According to our experiment, gen_socket increases throughput of echo server by 110% on a 24-core, 1000Mb/s machine based on redhat6.2.
gen_socket has already deployed in the Aliyun RDS production environment. gen_socket is released under GPLv2.
Compile
git clone https://github.com/max-feng/erlang_multi_pollset.gi
cd gen_socket && make
Example0
server side
- start gen_socket application
max@max-gentoo ~/Code/gen_socket $ erl -pa ./ebin/
Erlang/OTP 17 [erts-6.4] [source] [64-bit] [smp:4:4] [async-threads:10] [hipe] [kernel-poll:false]
Eshell V6.4 (abort with ^G)
1> application:start(gen_socket).
BindPoller=true, BindSocketPolicy=1
- listen
2> {ok, L } = gen_socket:listen(8008, []).
{ok,{140091975271824,<<>>}}
- accept When client side connect to 8008, accept() will return a gen_socket:
3> {ok, S} = gen_socket:accept(L).
{ok,{140091975272200,<<>>}}
- send
4> gen_socket:send(S, <<"hello">>).
ok
client side
- start gen_socket application
max@max-gentoo ~/Code/gen_socket $ erl -pa ./ebin/
Erlang/OTP 17 [erts-6.4] [source] [64-bit] [smp:4:4] [async-threads:10] [hipe] [kernel-poll:false]
Eshell V6.4 (abort with ^G)
1> application:start(gen_socket).
BindPoller=true, BindSocketPolicy=1
- connect
2> {ok, S} = gen_socket:connect("127.0.0.1", 8008, []).
{ok,{140532682066528,<<>>}}
- recv
3> gen_socket:recv(S, 0).
{ok,<<"hello">>}
Example1
I write a simple echo server and echo client under test folder.
compile server and client
cd test/ && erlc *.erl
run server
When a new connection established, echo server will spawn a process to echo msg.
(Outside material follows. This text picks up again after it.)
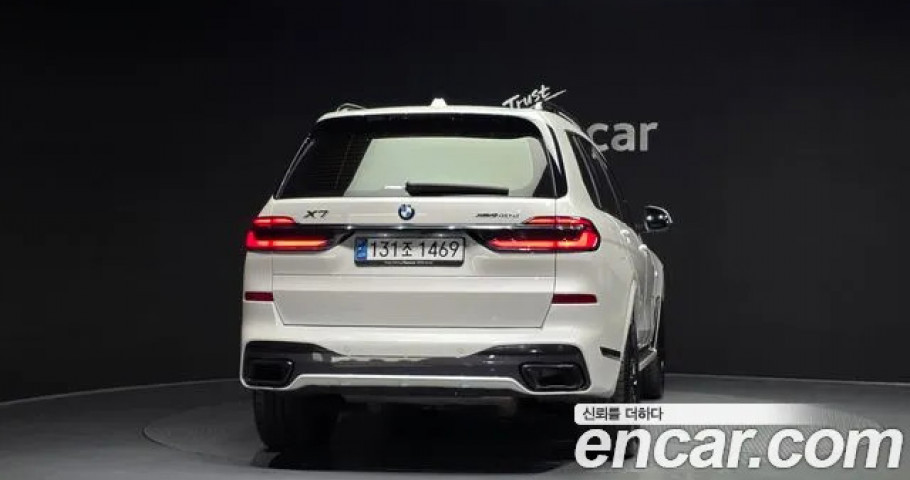 Bmw X7 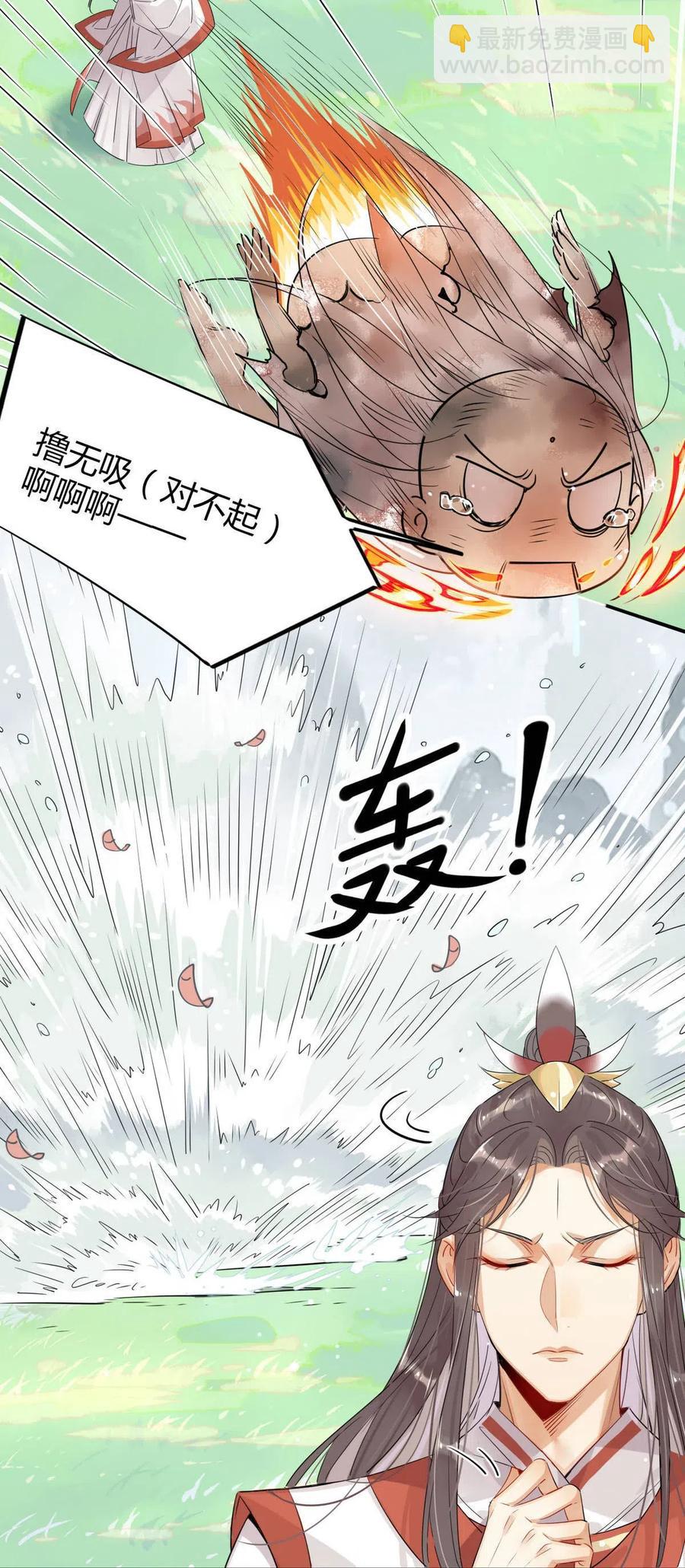 🍘我，修仙界心理医生 12 师兄生气了？ 第4页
Echo server runs in active = false mode.
cd test && erl -pa ../ebin/ -noshell -s simple_server start
run client
Echo client will connect to echo server, and send 5 <<"hello">>. Echo client runs in active = true mode.
cd test && erl -pa ../ebin/ -noshell -s simple_client start -s init stop
Design
The gen_socket supports one PollSet per scheduler. The key concept is PollSet struct, Poller Process and Watcher Thread.
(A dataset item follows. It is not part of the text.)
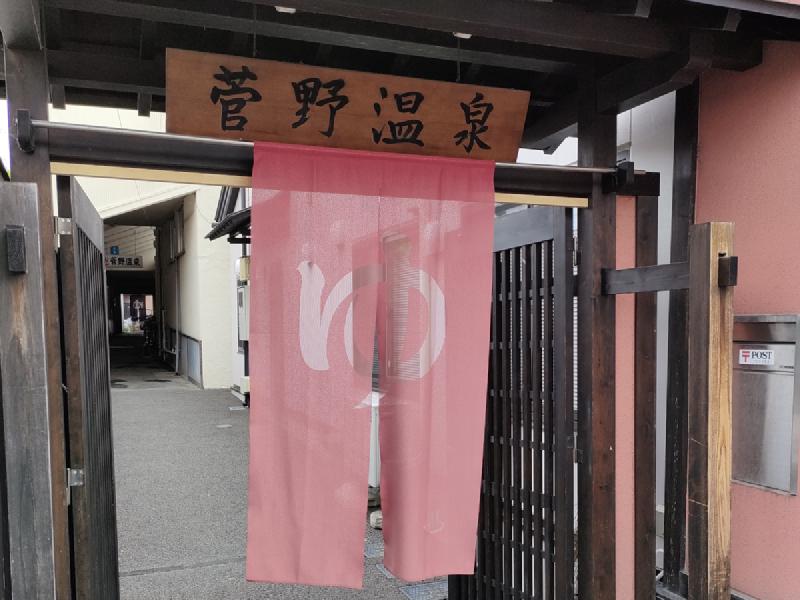 菅野温泉 のれん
PollSet struct is IO events's affiliated point. PollSet is based on libev.
Poller Process is an Erlang process which is executed in Erlang scheduler. It polls IO events from PollSet in nonblocking way.
Watcher Thread is an os thread. When there is no IO events in PollSet, Watcher Thread will take over the right of polling the PollSet.
Current Architecture
In Erlang VM all schedulers are in follower/leader mode. There is at most one scheduler thread handing IO events.
New Architecture
Multi PollSet
In gen_socket module, there is a PollSet per scheduler.
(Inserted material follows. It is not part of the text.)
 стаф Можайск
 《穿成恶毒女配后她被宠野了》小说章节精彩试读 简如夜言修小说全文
In above image, One PollSet has 2 Poller Process.
Poller Process call evrun() in nonblocking way through Erlang nif interface.
When evrun() return some IO events, callback will be processed in Poller Process. Callbck just ::recv() data, convert received data to Erlang binary, and send it to the socket's owner; When evrun() return zero IO events, Poller Process will give up the right to use PollSet, Watcher Thread will take over the right to use PollSet. Poller Process will be blocked on receive primitive.
Watcher Thread call evrun() in blocking way. So when there is no IO events in PollSet, Watch Thread will be blocked and in interruptible state; When there are some new IO events coming, Watch Thread will be waked up, and send msg to Poller Process. Poller Process will enter into next loop.
Binding
Process's socket managed by PollSet. When creating a new socket, gen_socket selects a minimum PollSet by a min-heap. And bind this socket to this PollSet, meanwhile bind this process to PollSet's scheduler.
This binding way can reach the effect that an IO event handed by only one scheduler.